Spanaway man reportedly organized dozens of illegal street racing events in South King County

A 26-year-old Spanaway man faces a charge of attempting to elude a pursuing police vehicle after a Feb. 21 street racing incident in Kent.

Joseph M. Dillon allegedly sped away from an officer at speeds of 80 to 90 mph in a 35 mph zone eastbound on South 196th Street near 64th Avenue South, according to charging documents.

Dillon is scheduled to be arraigned June 21 at the Maleng Regional Justice Center in Kent. Kent Police arrested Dillon June 3 after tracking him down by obtaining search warrants for an Instagram account. Dillon allegedly used that social media device to promote street racing at numerous locations in the Seattle and South King County area.

Dillon was held in the King County jail for one day before he posted bond June 4 on a $10,000 bail. County prosecutors asked a judge to set bail at $50,000 arguing that Dillon was a danger to the community because of the racing events he organizes and the potential for him to commit vehicular assault.

Prosecutors also said Dillon might not appear in court because he has 11 warrants issued since 2013, all of which were for failure to appear.

According to probable cause documents, a Kent officer saw Dillon in a black Dodge Charger reportedly doing multiple high-speed doughnuts (“drifting”) in a parking lot in the 19000 block of 64th Avenue South near other occupied vehicles. The officer drove to the parking lot of the closed business because it a known popular spot for illegal street racing.

The officer, in a fully marked Kent Police F-150 pickup, activated his emergency lights when he pulled up behind the Dodge Charger. The driver reportedly fled the parking lot and headed east on South 196th Street at a high rate of speed.

The officer pursued the Dodge for a short distance before discontinuing pursuit and losing sight of the car about 1.4 miles away from the location of the attempted traffic stop.

For about 14 years, the officer noted in his report he has investigated illegal street racing. He said he is part of an anti-illegal street racing task force and worked with a Washington State Patrol trooper on this incident.

During their investigation they obtained search warrants for an Instagram account since that social media device is used to promote street racing. That led them to reportedly tie Dillon to the Kent case. Postings by Dillon indicated that he owned the Dodge Charger and that he planned to show it off on Feb. 21.

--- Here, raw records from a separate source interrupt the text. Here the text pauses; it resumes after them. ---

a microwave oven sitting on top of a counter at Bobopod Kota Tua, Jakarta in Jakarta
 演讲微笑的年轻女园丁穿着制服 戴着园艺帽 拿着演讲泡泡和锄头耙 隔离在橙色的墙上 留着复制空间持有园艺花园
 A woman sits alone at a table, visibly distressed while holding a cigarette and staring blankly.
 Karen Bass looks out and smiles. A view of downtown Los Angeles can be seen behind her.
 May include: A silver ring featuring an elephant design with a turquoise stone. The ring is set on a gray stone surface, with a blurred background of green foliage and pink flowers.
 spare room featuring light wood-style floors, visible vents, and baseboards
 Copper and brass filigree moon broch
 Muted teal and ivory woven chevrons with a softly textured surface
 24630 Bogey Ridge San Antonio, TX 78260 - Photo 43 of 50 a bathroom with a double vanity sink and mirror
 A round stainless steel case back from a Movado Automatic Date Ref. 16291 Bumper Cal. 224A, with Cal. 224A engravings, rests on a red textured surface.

“I was gonna bring it out last night and get down but I swung at one spot and got chased by the Kent truck,” Dillon said according to probable cause documents.

Police reported that the Kent truck reference was to the F-150 driven by the officer on Feb. 21. The department has only a few F-150 trucks and had records showing that the officer had one of the trucks the night he pursued the Dodge Charger.

The officer and trooper during their investigation were able to track down a home address for Dillon and registration for a 2006 black Dodge Charger.

Based on information from Dillon’s Instagram messages, Dillon organized at least two dozen illegal street racing gatherings last year in Des Moines, Renton, Federal Way, Auburn, Tukwila and Seattle.

Dillon told police during an interview that he has attended events where the involved subjects take over intersections to socialize and look at each other’s cars.

When confronted with a lengthy list of gatherings from Seattle to Auburn that Dillon had reportedly posted as “spots” to meet, Dillon declined to answer any further questions.